Dr. Julian Bashir: I need to borrow... a cup... of goo.Odo: Excuse me?Dr. Julian Bashir: Please? I'll give it back.
- Captain Power and the Soldiers of the Future episode "The Intruder"
Andy Jackson: Hi. Just, eh, dropped in to borrow a cup of sugar.
- On The Dick Van Dyke Show Millie would often pop over to borrow a cup of sugar from Laura. Laura was more likely to call Millie to ask if she had some sugar that she could borrow, making Millie come to her.
- In To the Manor Born, Mrs. Polouvicka uses borrowing a cup of sugar as an excuse to meet her new neighbor — who, unknown to her, is none other than Audrey fforbes-Hamilton. At the end of their encounter, she confesses that she didn't need the sugar, and tips it back into Audrey's bowl with a grandiloquent "Keep it — with the compliments of Cavendish Foods!"
- The Chifladitos Sketch in Chespirito had a neighbor of Lucas and Chaparron who was constantly asking them for a cup of sugar.
- Mystery Science Theater 3000: Pod People. Little Tommy walks into a cave that's glowing bright red, while holding the cup he normally uses to collect specimens. Crow jumps to conclusions:
Crow: What is it about the gate of Hell that always compels people to wander into them? ... What's he going to do, borrow a cup of sugar from Satan?
- In the pilot of Desperate Housewives, Susan uses this as an excuse to break into Edie's house to spy on her and Mike. She ends up (accidentally) burning the house down, and leaving the cup behind.
- BBC's Walk On The Wild Side.
- On Friends, Ross once borrowed an egg from a neighbor. Later the guys convince him to start a conversation with her by giving her an egg back.

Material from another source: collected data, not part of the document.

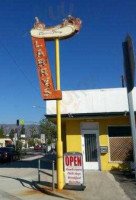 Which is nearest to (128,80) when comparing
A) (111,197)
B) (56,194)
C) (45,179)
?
(111,197)

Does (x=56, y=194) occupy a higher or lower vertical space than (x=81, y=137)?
lower

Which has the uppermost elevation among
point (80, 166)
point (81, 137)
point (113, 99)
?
point (113, 99)

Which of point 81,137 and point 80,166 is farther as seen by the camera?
point 81,137

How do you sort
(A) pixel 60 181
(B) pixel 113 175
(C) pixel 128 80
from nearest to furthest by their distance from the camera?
(C) pixel 128 80, (A) pixel 60 181, (B) pixel 113 175

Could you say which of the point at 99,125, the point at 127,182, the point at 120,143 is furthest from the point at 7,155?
the point at 127,182

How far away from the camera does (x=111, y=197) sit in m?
10.1

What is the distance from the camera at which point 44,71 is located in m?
12.2

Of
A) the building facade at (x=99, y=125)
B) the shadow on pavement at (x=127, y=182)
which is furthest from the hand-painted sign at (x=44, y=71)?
the building facade at (x=99, y=125)

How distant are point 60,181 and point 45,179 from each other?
285 centimetres

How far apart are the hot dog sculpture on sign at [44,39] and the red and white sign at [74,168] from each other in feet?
7.43

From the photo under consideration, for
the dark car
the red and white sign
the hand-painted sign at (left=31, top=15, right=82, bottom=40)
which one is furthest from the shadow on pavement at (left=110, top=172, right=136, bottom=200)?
the dark car

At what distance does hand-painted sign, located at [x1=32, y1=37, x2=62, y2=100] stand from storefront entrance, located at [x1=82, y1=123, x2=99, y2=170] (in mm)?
6508

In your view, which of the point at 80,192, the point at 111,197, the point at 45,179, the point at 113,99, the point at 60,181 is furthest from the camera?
the point at 113,99

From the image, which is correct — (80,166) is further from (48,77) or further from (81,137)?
(81,137) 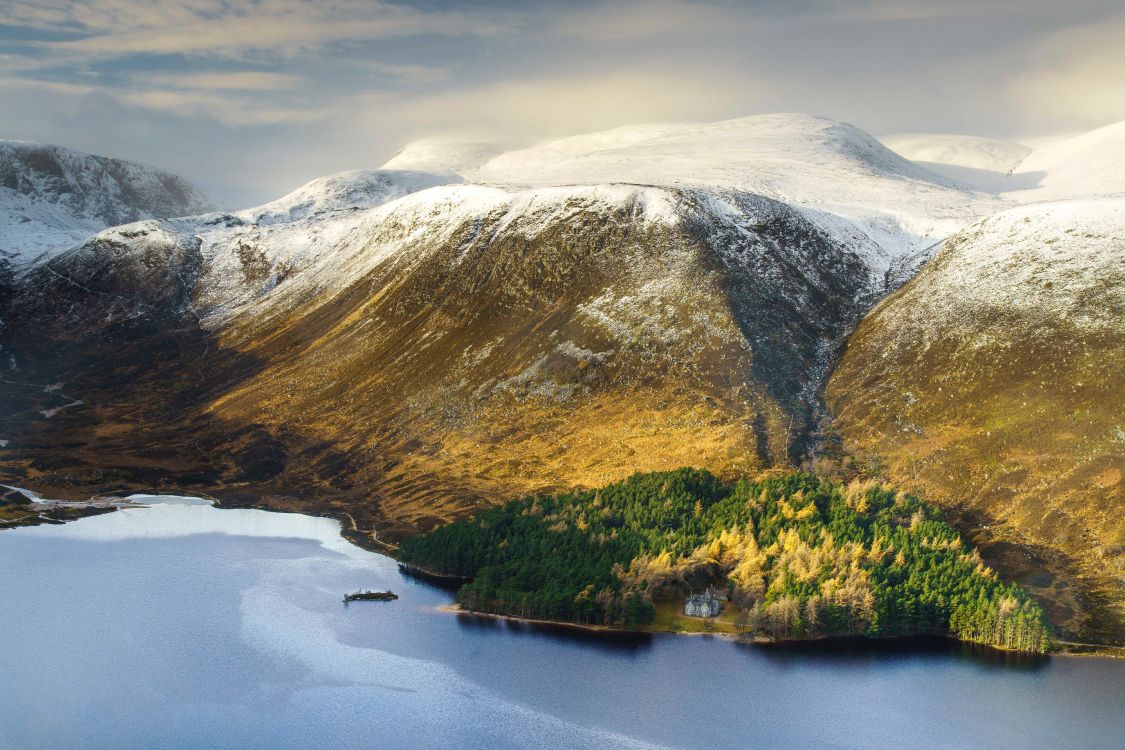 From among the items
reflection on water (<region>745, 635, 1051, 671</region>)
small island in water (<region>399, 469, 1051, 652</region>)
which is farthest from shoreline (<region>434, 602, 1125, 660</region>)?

- The Jack Benny Program, like many sitcoms, had a Running Gag of the Unsympathetic Comedy Protagonist borrowing things from his long-suffering neighbor (in this case, Ronald Colman) and not returning them. In the March 19, 1948 broadcast, Jack borrows Colman's Oscar award; when Colman's wife asks why he let Jack borrow it, he snaps, "It might as well be with the rest of my things!" As Jack walks home, the Oscar is stolen by a mugger in probably the most famous bit in the program's history.
- In a "News From Lake Wobegon" segment from A Prairie Home Companion Garrison Keillor tells a fictional account of how his mother got addicted to the Tournament of Roses Parade. At the time they didn't have a television set, but she had gone to a neighbor's house for a cup of flour. The neighbors were watching the Parade on television, and she was so mesmerized that she watched the whole thing standing with the cup of flour in her hand.
- Bugs Bunny short Shishkabugs.
Yosemite Sam: [interrupted by a knock on the door] Ooh, what do you want?Bugs Bunny: Good afternoon. Let me introduce myself as one of the woodland creatures residing in the King's forest, and being that there is such a close relationship, I assume it would not be too improper to borrow a cup of diced carrots, huh? [he holds an empty cup]
- In Duck, Rabbit, Duck!, Daffy asks Bugs for a cup of blackstrap molasses as an excuse for Bugs to come out and get shot by Elmer. The shot punctures the cup instead, and Bugs comments that "I didn't think molasses would flow in January."
- On one Donald Duck cartoon, Donalds new neighbor Pete asks to borrow some ice cubes... and while he's at it, he also borrows a cube of butter, some cucumbers, and on and on until he empties Don's fridge.
- The Simpsons: Homer Simpson tends to borrow or outright steal things from Ned Flanders.
- And in Family Guy, Mort has borrowed so many things from the Griffins without returning them that Peter once put an Adolf Hitler scarecrow in the yard.
- On an episode of Sponge Bob Square Pants, SpongeBob wants Squidward to come visit, but Squidward doesn't want to. So SpongeBob borrows his vacuum to give Squidward an excuse to go over to SpongeBob's house.
- In Earthworm Jim episode Day of the Fish, Jim decides to visit the nearest planet to get a cup of sugar for the Galactic Hero League's coffee. Unfortunately, the nearest planet is ruled by Bob the Killer Goldfish.
- Homestar Runner - Strongbad_email.exe: Disc Five
Marzipan: Hi, Strong Bad. This is your next-door neighbor the crocodile. Can I borrow a cup of sugar? I'm going to make some puppy-dough cookies tonight...
- In Dragon Ball Z Abridged, after being cut in half by his own attack, Freeza asks Goku if he can borrow "a cup of energy".